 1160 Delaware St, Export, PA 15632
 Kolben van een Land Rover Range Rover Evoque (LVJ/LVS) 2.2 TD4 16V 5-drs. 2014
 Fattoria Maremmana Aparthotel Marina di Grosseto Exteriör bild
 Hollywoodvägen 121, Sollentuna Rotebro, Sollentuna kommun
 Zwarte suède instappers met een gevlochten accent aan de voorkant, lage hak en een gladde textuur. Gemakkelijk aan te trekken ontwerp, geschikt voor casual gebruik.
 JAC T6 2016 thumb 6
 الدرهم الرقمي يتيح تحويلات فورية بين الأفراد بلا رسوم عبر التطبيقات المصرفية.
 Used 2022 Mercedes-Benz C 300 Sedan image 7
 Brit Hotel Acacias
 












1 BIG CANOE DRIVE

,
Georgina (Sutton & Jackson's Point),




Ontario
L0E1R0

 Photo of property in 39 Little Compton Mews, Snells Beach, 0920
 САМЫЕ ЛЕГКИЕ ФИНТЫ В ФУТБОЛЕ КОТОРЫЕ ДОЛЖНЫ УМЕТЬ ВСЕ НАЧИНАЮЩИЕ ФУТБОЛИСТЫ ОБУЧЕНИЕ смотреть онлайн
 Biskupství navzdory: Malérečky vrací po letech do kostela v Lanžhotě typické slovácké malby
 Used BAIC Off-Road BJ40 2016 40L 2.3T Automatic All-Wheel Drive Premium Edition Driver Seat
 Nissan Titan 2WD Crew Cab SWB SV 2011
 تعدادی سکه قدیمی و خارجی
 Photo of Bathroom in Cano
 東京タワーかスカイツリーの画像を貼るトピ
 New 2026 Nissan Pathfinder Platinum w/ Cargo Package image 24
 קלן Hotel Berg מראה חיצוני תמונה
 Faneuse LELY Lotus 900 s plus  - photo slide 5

+++

In the answer, give the lines from the first line of the data through the line with "Photo of property", exactly as they appear and with no additions.

 1160 Delaware St, Export, PA 15632
 Kolben van een Land Rover Range Rover Evoque (LVJ/LVS) 2.2 TD4 16V 5-drs. 2014
 Fattoria Maremmana Aparthotel Marina di Grosseto Exteriör bild
 Hollywoodvägen 121, Sollentuna Rotebro, Sollentuna kommun
 Zwarte suède instappers met een gevlochten accent aan de voorkant, lage hak en een gladde textuur. Gemakkelijk aan te trekken ontwerp, geschikt voor casual gebruik.
 JAC T6 2016 thumb 6
 الدرهم الرقمي يتيح تحويلات فورية بين الأفراد بلا رسوم عبر التطبيقات المصرفية.
 Used 2022 Mercedes-Benz C 300 Sedan image 7
 Brit Hotel Acacias
 












1 BIG CANOE DRIVE

,
Georgina (Sutton & Jackson's Point),




Ontario
L0E1R0

 Photo of property in 39 Little Compton Mews, Snells Beach, 0920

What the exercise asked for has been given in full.